Ma il viso della nonna rimase severo. “Promettimelo!” Ripeté, con tanta forza da non ammettere proteste.
E Subaru abbassò il capo, lasciando che i capelli gli finissero sul viso.
“… Lo prometto …”
La nonna si alzò in piedi,
gli lanciò un ultimo sguardo, sembrò volergli dire
qualcosa. Non disse nulla. Si allontanò a grandi passi, e
aprì la porta per uscire.
Fu lì che trovò
Hokuto, impietrita, spaventata dalla serietà
dell’espressione della nonna, dal ricordo della sua voce che
monocorde recitava una formula che lei non aveva mai sentito, dal
bagliore terribile di quei lampi che avevano circondato Subaru.
Nonna e nipote si fissarono per tanto tempo. Hokuto si chiese se la nonna l’avrebbe sgridata, se avrebbe punito anche lei.
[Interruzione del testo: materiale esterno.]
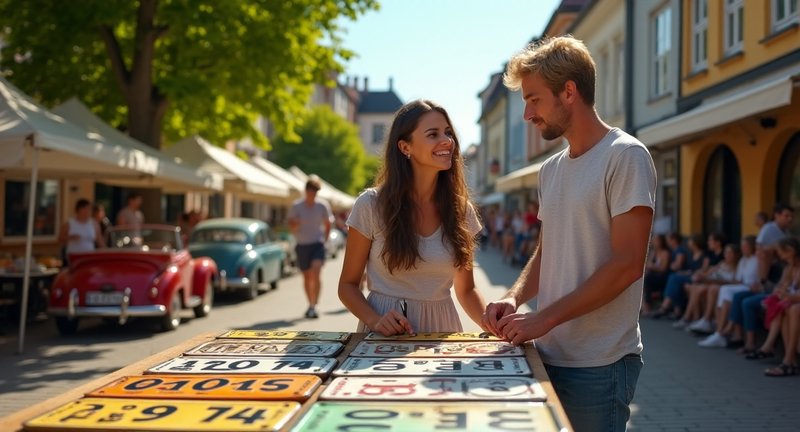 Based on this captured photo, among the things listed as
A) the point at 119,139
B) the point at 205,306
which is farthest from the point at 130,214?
the point at 205,306

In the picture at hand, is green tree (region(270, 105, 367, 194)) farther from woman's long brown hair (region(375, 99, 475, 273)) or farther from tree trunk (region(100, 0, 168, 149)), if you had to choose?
woman's long brown hair (region(375, 99, 475, 273))

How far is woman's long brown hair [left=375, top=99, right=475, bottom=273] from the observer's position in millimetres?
3277

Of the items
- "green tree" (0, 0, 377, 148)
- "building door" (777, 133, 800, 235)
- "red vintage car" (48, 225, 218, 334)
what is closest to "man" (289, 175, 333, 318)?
"red vintage car" (48, 225, 218, 334)

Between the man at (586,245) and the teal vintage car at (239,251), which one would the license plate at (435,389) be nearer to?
the man at (586,245)

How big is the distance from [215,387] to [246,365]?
0.28 meters

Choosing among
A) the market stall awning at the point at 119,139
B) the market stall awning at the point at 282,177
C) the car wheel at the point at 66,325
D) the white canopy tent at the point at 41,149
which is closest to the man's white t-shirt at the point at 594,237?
the white canopy tent at the point at 41,149

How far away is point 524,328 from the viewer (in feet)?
8.45

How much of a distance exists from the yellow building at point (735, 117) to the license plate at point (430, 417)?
765 centimetres

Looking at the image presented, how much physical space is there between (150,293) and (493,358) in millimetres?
8678

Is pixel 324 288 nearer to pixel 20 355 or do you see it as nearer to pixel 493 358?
pixel 20 355

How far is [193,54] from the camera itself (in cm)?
1662

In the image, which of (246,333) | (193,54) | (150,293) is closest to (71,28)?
(193,54)

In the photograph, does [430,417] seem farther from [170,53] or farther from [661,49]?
[661,49]

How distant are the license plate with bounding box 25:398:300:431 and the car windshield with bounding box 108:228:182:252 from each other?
986cm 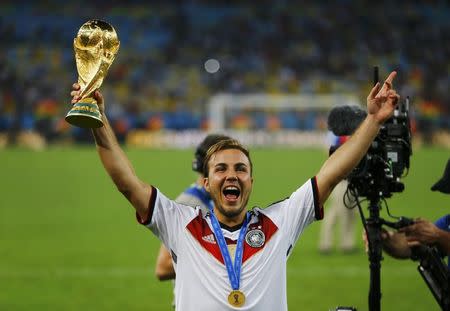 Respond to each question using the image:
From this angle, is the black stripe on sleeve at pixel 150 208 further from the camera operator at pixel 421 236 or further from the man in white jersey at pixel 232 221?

Ma non fece nulla. Si voltò
e andò via, a passi così leggeri da sembrare un fantasma.
Sparì in breve tempo.
Per qualche secondo la bambina
rimase ferma al centro del corridoio, il cuore che le batteva troppo
forte, a fissare il corridoio di nuovo deserto. Poi si ricordò
di Subaru.
Si riscosse, e si precipitò all’interno della stanza, quasi totalmente buia ora.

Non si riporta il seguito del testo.